Embedding Rails in Wordpress - ruby-on-rails

My goal is to embed a full Ruby on Rails app in a Wordpress site. Ideally, the staff should be able to edit the non-Rails parts of the site just like any Wordpress site, including content, theme, menus, etc. When the user clicks a link to a certain page, it should show the Rails content within the Wordpress template—headers, menus, sidebars, etc.—all of which should look the same as the rest of the site. I'd much prefer to do the presentation of the Rails content within Rails, where I can use Slim, CoffeeScript, SASS, and all of the other built in presentational magic, rather than setting Rails up as just a JSON server and having to muck around with PHP to retrieve and format the data.
I've tried a few techniques so far, but each has its downsides:
First, I tried embedding the Rails app in an iframe, but iframes are clunky, and I couldn't get it to expand or contract to the height of the content.
Second, I tried creating a special Wordpress template file that loads the Rails content using PHP's file_get_contents function. That worked okay, but required a lot of jankiness to get URLs to transfer over, including having to add a question mark into the URL for a certain subpage to get Wordpress to ignore it and pass it through. It's also a little slow because it's loading content from two different dynamic systems. And I never could figure out how to get cookies to pass through to Rails, which is essential for this app.

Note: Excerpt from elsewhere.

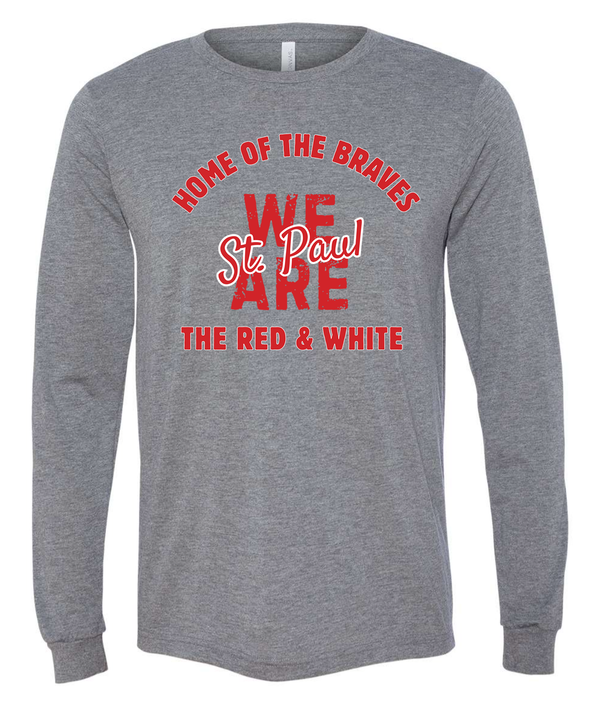 St. Paul Spirit Long Sleeve Tees - The Red & White
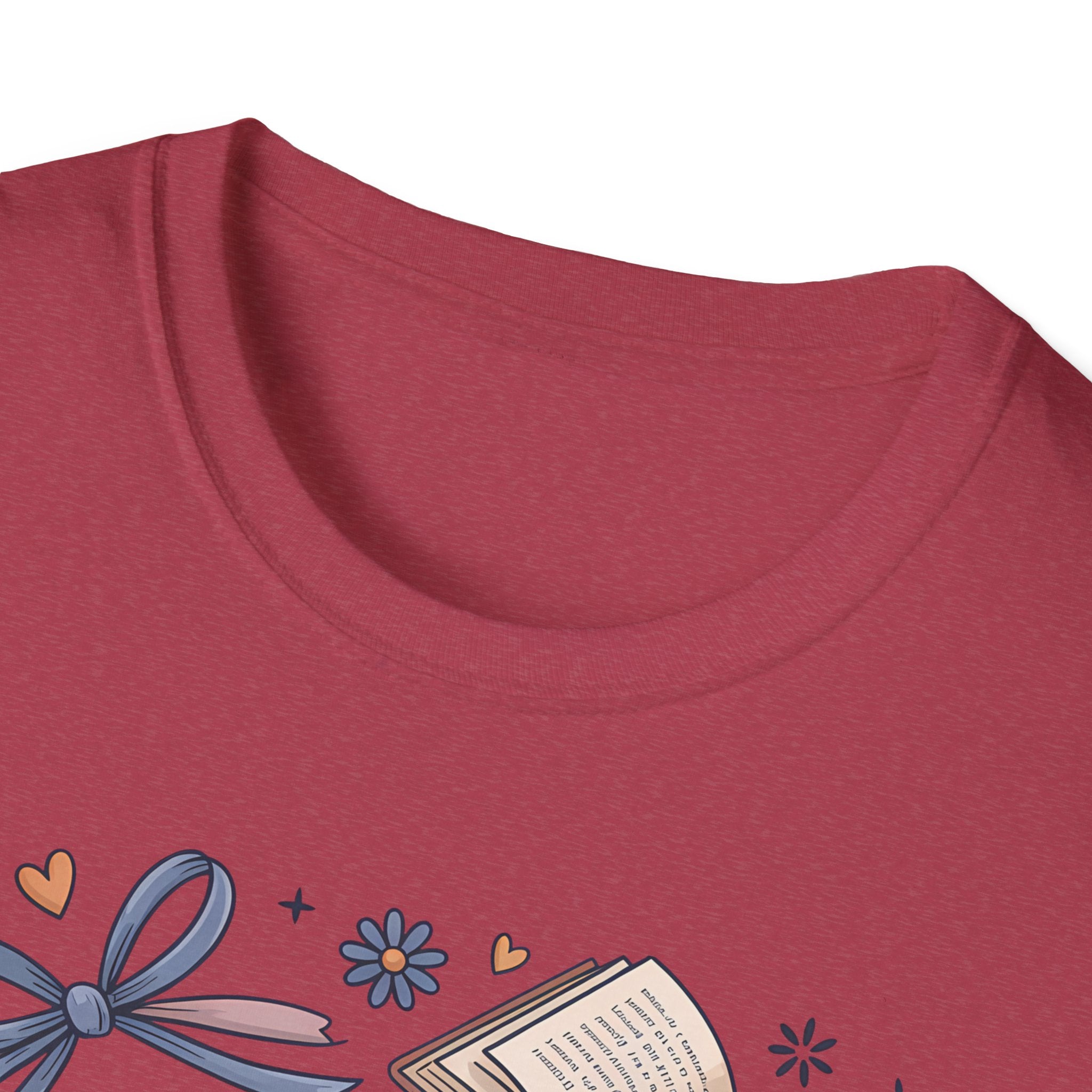 T-Shirt — "Just One More Chapter" Book Lover Tee with Glasses & Coffee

My third solution was to create a blank page on Wordpress (not linked to anywhere) and write a method in Rails that pulls that page, creates a layout file, and then uses that as the layout for the content. So the whole page is actually being served by Rails, but to the user it looks just like Wordpress, and because Wordpress doesn't use relative URLs in links, they all work just fine. The trouble there is that changes to the Wordpress template (including menus, template files, theme options) don't take effect on the Rails pages until that method is run. I set up a cron job to run it every 15 minutes, but that's not ideal, and something tells me there must be a better way.
This seems like something that would be pretty common, but I haven't been able to find any solutions online. Has anyone else made this work?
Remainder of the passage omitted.